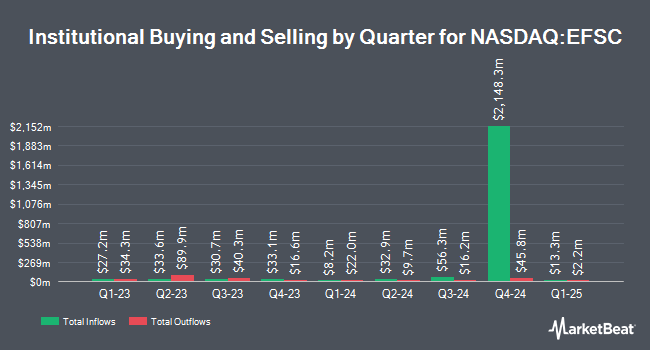 Institutional Ownership by Quarter for Enterprise Financial Services (NASDAQ:EFSC)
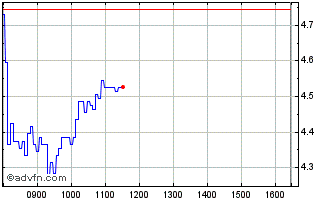 Intraday R676S Chart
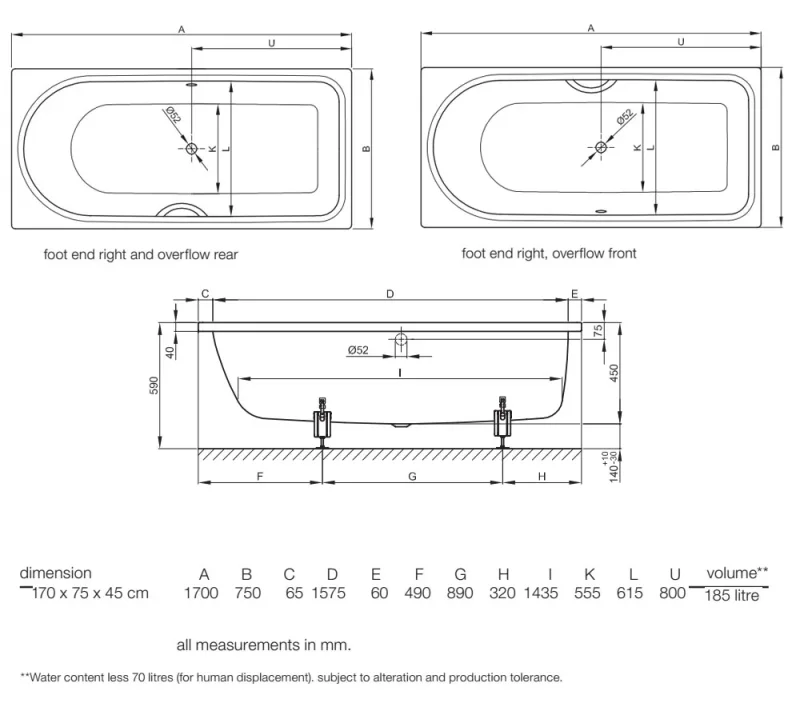 Bette Ocean 1700 700mm Foot End Rightoverflow Front White technical drawing - Image 2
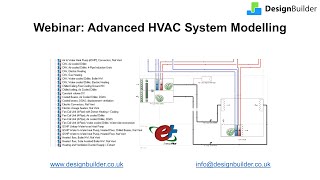 Advanced HVAC System Modelling in DesignBuilder [upl. by Niatirb195]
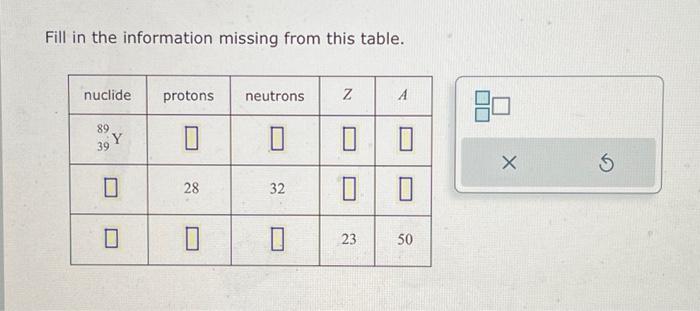 Solved Fill In The Information Missing From This Table. | Chegg.com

** WHAT THE TASK REQUIRES **
Quote the entries in full. Any image among them is to be omitted from the copy.

** RESULT BELOW **
 Institutional Ownership by Quarter for Enterprise Financial Services (NASDAQ:EFSC)
 Intraday R676S Chart
 Bette Ocean 1700 700mm Foot End Rightoverflow Front White technical drawing - Image 2
 Advanced HVAC System Modelling in DesignBuilder [upl. by Niatirb195]
 Solved Fill In The Information Missing From This Table. | Chegg.com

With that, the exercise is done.